I am a queer, neurodivergent artist living and working in Glasgow, a city made by the people who inhabit it and, according to its 1990s tagline, one that smiles better. I’m on a personal mission to smile better too.
I’m the daughter of a man who makes a living scribbling cartoon superheroes and a mother who can’t sit still. Somewhere between the two, I became an artist who is essentially two magpies (because two’s for joy), endlessly distracted by shiny things that spark delight.
I have a paintbrush tattooed on the middle finger of my left hand, but I use actual brushes to make the work. I love playing with colour and the endless possibilities that buttery oil paint allows.
After art school, I accidentally became a graphic designer. Although graphic design definitely isn’t my passion, its logic has crept into my paintings. I’m drawn to humour, pattern, lists, visual noise, other people’s trash, and the quiet absurdity of everyday life. I love collecting and arranging things, making collages, and chasing the small thrill of finding something unexpectedly perfect.
That thrill might come from a hidden treasure at a car boot sale, the patterns on the box your granny kept her binoculars in, a stranger’s three-star Amazon review of a potato peeler, or a laminated notice that really didn’t need to be laminated.

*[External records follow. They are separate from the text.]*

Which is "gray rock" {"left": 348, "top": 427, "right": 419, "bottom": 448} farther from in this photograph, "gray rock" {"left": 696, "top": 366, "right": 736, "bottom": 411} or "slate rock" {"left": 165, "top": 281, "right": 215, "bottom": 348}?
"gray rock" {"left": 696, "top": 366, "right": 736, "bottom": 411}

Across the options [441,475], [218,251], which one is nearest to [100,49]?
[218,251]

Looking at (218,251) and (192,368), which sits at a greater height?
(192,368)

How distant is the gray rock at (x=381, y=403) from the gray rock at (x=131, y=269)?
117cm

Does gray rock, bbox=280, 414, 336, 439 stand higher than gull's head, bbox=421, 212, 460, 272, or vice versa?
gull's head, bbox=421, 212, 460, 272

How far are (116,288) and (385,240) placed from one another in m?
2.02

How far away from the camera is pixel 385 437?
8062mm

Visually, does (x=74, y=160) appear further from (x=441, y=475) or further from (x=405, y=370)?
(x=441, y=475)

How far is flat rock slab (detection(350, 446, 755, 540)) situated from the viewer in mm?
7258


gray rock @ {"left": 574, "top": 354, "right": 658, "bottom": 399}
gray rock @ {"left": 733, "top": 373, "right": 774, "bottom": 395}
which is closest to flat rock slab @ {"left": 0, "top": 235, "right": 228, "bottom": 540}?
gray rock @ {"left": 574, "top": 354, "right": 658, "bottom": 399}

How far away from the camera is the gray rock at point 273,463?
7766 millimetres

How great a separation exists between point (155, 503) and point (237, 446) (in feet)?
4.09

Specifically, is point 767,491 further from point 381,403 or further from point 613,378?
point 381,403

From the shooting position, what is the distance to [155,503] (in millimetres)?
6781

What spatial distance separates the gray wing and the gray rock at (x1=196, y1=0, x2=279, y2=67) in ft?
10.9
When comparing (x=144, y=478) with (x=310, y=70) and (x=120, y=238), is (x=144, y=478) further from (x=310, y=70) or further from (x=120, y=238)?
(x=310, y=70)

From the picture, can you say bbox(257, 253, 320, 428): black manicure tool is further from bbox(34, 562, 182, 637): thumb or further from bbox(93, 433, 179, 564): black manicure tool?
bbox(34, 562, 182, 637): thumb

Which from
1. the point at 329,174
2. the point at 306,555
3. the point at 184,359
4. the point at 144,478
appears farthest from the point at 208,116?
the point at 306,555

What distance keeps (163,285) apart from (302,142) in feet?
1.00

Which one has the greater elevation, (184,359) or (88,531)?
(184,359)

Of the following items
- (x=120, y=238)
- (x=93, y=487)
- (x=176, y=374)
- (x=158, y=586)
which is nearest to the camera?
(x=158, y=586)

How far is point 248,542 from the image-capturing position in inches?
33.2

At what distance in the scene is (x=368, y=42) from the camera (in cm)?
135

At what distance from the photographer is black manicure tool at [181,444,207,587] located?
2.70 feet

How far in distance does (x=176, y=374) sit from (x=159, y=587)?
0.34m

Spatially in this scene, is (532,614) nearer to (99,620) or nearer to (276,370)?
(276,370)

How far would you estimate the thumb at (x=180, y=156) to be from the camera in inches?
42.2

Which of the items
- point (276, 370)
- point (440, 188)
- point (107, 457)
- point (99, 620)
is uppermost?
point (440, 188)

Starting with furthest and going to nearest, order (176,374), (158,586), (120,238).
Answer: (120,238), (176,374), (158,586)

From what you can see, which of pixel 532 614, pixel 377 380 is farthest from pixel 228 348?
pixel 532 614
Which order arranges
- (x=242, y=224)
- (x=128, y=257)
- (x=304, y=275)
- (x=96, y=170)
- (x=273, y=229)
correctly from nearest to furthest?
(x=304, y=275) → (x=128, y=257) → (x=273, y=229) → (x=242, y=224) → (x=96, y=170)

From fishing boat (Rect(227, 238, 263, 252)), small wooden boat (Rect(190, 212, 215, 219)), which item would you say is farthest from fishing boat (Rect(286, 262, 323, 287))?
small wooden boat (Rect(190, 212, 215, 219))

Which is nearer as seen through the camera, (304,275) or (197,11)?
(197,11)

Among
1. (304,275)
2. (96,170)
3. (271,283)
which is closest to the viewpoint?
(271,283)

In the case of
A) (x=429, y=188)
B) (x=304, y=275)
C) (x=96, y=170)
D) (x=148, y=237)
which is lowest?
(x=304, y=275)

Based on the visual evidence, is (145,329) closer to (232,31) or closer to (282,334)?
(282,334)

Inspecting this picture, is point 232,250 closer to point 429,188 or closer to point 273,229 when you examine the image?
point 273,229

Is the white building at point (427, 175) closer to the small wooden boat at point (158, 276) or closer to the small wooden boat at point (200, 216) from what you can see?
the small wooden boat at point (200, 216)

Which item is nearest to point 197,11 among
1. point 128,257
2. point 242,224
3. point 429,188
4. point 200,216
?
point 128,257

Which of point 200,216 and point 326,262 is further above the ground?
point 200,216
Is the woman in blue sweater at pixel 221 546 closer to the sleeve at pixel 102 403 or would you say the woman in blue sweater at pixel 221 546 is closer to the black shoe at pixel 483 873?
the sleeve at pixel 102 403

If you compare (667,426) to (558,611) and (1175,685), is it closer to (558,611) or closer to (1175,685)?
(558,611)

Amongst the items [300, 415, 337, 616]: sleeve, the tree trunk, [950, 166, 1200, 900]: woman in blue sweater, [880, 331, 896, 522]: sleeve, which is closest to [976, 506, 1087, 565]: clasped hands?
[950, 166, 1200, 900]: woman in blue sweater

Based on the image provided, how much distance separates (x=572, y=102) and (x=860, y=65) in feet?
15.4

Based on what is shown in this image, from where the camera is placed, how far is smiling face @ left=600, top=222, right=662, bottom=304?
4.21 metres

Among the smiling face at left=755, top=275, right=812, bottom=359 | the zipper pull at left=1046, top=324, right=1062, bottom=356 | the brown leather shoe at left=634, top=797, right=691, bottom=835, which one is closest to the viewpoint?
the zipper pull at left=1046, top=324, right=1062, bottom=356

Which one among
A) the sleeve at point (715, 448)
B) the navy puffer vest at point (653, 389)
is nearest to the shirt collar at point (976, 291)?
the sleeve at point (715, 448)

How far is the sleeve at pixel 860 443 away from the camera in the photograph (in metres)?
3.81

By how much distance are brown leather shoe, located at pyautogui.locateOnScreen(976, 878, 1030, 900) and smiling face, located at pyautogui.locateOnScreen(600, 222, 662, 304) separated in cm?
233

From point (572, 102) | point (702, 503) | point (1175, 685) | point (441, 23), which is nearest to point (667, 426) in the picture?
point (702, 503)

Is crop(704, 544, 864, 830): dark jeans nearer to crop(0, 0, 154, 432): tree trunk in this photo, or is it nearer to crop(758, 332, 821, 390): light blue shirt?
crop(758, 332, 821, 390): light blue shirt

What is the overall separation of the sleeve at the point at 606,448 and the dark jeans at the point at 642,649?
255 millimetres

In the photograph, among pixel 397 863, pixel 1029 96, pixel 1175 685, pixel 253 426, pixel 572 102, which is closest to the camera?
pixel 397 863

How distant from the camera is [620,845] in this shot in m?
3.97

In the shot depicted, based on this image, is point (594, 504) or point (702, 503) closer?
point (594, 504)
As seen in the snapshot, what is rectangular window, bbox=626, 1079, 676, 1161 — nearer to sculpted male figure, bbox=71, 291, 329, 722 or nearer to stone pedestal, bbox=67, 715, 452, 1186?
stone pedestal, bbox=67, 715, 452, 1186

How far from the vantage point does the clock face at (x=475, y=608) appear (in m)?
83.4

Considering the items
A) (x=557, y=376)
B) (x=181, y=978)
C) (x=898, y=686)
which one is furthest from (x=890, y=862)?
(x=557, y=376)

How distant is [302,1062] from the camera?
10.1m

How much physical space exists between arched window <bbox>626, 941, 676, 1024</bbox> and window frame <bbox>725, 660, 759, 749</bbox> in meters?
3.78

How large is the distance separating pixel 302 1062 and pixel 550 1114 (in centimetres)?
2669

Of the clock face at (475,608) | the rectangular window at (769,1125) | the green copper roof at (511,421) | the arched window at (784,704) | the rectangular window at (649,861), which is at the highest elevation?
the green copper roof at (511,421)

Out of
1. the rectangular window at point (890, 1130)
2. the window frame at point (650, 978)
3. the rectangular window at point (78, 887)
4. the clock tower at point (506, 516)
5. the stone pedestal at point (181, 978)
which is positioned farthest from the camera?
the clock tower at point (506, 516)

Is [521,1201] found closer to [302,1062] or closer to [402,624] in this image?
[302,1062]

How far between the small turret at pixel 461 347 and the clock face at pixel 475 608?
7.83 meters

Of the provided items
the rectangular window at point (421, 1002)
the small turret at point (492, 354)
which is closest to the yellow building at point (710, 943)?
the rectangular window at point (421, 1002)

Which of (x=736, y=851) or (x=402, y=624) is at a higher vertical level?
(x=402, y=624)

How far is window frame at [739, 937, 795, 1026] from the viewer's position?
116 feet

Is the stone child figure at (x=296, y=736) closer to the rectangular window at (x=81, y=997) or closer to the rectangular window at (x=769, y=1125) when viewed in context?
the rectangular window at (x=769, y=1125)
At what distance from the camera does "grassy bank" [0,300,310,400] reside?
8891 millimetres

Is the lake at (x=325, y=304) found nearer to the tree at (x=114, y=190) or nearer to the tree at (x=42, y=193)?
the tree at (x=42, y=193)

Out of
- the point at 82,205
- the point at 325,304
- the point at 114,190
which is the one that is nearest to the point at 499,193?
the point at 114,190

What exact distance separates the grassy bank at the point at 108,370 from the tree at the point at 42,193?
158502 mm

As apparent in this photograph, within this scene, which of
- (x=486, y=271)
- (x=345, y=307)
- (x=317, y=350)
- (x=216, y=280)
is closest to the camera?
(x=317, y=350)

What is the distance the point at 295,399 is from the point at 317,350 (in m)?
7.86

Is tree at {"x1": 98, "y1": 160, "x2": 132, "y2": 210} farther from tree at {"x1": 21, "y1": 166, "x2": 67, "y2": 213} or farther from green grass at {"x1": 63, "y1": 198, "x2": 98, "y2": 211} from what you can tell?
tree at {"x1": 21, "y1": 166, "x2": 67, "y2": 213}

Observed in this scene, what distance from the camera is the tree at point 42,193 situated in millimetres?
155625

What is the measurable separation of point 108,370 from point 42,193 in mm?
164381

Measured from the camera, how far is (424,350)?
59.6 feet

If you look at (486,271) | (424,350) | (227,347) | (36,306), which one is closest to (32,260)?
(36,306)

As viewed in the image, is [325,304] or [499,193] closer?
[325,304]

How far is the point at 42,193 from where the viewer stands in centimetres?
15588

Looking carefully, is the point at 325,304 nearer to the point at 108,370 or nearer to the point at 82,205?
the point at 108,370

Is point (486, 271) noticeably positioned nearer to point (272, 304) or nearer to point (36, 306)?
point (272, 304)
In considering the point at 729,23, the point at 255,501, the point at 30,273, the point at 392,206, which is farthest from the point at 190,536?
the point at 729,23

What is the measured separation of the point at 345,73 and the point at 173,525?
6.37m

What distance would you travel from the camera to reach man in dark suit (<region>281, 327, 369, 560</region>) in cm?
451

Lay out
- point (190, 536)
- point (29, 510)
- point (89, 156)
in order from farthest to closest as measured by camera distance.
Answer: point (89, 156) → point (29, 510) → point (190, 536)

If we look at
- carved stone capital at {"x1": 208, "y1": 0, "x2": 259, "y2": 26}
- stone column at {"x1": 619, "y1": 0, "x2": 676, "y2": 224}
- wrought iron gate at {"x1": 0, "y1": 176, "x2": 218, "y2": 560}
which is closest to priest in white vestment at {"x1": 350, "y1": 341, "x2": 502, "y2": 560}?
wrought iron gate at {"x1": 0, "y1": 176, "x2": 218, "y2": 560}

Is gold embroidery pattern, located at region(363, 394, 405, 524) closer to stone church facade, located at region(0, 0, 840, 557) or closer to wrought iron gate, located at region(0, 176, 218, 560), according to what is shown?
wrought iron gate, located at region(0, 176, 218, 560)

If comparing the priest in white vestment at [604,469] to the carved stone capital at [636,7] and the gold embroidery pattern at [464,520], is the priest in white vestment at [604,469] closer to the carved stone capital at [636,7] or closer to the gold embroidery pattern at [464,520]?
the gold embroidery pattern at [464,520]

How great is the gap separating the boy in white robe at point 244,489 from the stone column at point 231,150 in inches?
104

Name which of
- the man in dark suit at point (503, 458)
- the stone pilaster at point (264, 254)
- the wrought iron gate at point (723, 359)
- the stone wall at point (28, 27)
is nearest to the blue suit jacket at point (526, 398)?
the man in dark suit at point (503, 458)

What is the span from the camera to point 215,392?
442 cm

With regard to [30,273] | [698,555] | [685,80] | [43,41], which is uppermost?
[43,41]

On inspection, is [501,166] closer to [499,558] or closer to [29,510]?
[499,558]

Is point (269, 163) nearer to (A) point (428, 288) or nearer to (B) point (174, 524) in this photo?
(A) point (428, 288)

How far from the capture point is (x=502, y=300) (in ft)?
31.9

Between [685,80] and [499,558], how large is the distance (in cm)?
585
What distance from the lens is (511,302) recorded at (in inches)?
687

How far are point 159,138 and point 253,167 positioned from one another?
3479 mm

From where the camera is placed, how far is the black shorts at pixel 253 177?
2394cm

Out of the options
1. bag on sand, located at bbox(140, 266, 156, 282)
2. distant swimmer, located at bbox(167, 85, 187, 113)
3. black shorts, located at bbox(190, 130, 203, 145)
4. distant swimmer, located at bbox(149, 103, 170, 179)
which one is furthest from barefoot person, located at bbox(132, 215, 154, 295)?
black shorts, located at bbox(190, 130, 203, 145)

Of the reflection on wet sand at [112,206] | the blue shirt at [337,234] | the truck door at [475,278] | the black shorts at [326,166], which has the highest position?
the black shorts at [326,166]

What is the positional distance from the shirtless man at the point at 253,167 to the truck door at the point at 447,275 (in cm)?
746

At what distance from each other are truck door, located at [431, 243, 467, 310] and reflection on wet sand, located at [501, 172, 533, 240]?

My work often reveals itself as images rather than finished paintings, hovering somewhere between my head and my heart. Through improvisation and play, I pull these images into focus, letting ideas collide, bend, and misbehave. The result is bold, figurative paintings with a pop sensibility, where things feel slightly off, humorous, and surreal. I want the work to make people smile better, recognise something familiar, and leave with something small, odd, and hard to place.